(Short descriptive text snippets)
::::::::::
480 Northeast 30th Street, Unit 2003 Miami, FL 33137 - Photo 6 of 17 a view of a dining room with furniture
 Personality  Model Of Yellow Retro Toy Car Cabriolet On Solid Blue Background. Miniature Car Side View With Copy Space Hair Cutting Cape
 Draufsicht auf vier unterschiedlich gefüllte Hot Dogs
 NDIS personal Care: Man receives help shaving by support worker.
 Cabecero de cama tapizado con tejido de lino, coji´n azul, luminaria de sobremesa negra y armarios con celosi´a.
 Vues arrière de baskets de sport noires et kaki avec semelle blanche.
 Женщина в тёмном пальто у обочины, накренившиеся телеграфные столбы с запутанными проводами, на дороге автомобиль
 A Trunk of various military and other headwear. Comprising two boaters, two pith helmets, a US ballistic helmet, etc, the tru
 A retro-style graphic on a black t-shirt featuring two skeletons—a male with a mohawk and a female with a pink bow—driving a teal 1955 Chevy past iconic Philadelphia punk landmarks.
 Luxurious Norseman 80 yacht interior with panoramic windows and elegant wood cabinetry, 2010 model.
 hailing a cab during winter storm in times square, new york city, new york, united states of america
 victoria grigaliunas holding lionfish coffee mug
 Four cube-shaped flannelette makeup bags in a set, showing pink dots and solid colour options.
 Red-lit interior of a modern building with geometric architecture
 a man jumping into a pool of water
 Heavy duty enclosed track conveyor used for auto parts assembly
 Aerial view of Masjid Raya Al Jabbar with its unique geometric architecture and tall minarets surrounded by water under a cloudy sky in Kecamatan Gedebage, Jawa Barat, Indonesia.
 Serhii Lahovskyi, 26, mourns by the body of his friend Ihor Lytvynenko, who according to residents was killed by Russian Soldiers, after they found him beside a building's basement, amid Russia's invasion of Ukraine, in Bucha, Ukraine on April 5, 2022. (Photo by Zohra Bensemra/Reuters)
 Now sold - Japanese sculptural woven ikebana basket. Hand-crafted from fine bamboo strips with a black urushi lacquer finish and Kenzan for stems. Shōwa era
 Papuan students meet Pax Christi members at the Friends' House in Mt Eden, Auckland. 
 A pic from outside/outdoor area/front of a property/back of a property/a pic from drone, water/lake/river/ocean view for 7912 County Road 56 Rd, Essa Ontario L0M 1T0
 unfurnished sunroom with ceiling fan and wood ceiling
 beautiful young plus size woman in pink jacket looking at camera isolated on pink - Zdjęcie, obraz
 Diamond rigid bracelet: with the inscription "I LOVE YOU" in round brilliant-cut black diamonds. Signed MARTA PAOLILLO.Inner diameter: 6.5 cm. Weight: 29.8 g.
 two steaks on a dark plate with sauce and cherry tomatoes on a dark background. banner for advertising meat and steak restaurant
::::::::::
_TASK REQUIREMENTS:_
Could you copy every record above exactly as it appears?

_SOLUTION TO THIS PROBLEM:_
480 Northeast 30th Street, Unit 2003 Miami, FL 33137 - Photo 6 of 17 a view of a dining room with furniture
 Personality  Model Of Yellow Retro Toy Car Cabriolet On Solid Blue Background. Miniature Car Side View With Copy Space Hair Cutting Cape
 Draufsicht auf vier unterschiedlich gefüllte Hot Dogs
 NDIS personal Care: Man receives help shaving by support worker.
 Cabecero de cama tapizado con tejido de lino, coji´n azul, luminaria de sobremesa negra y armarios con celosi´a.
 Vues arrière de baskets de sport noires et kaki avec semelle blanche.
 Женщина в тёмном пальто у обочины, накренившиеся телеграфные столбы с запутанными проводами, на дороге автомобиль
 A Trunk of various military and other headwear. Comprising two boaters, two pith helmets, a US ballistic helmet, etc, the tru
 A retro-style graphic on a black t-shirt featuring two skeletons—a male with a mohawk and a female with a pink bow—driving a teal 1955 Chevy past iconic Philadelphia punk landmarks.
 Luxurious Norseman 80 yacht interior with panoramic windows and elegant wood cabinetry, 2010 model.
 hailing a cab during winter storm in times square, new york city, new york, united states of america
 victoria grigaliunas holding lionfish coffee mug
 Four cube-shaped flannelette makeup bags in a set, showing pink dots and solid colour options.
 Red-lit interior of a modern building with geometric architecture
 a man jumping into a pool of water
 Heavy duty enclosed track conveyor used for auto parts assembly
 Aerial view of Masjid Raya Al Jabbar with its unique geometric architecture and tall minarets surrounded by water under a cloudy sky in Kecamatan Gedebage, Jawa Barat, Indonesia.
 Serhii Lahovskyi, 26, mourns by the body of his friend Ihor Lytvynenko, who according to residents was killed by Russian Soldiers, after they found him beside a building's basement, amid Russia's invasion of Ukraine, in Bucha, Ukraine on April 5, 2022. (Photo by Zohra Bensemra/Reuters)
 Now sold - Japanese sculptural woven ikebana basket. Hand-crafted from fine bamboo strips with a black urushi lacquer finish and Kenzan for stems. Shōwa era
 Papuan students meet Pax Christi members at the Friends' House in Mt Eden, Auckland. 
 A pic from outside/outdoor area/front of a property/back of a property/a pic from drone, water/lake/river/ocean view for 7912 County Road 56 Rd, Essa Ontario L0M 1T0
 unfurnished sunroom with ceiling fan and wood ceiling
 beautiful young plus size woman in pink jacket looking at camera isolated on pink - Zdjęcie, obraz
 Diamond rigid bracelet: with the inscription "I LOVE YOU" in round brilliant-cut black diamonds. Signed MARTA PAOLILLO.Inner diameter: 6.5 cm. Weight: 29.8 g.
 two steaks on a dark plate with sauce and cherry tomatoes on a dark background. banner for advertising meat and steak restaurant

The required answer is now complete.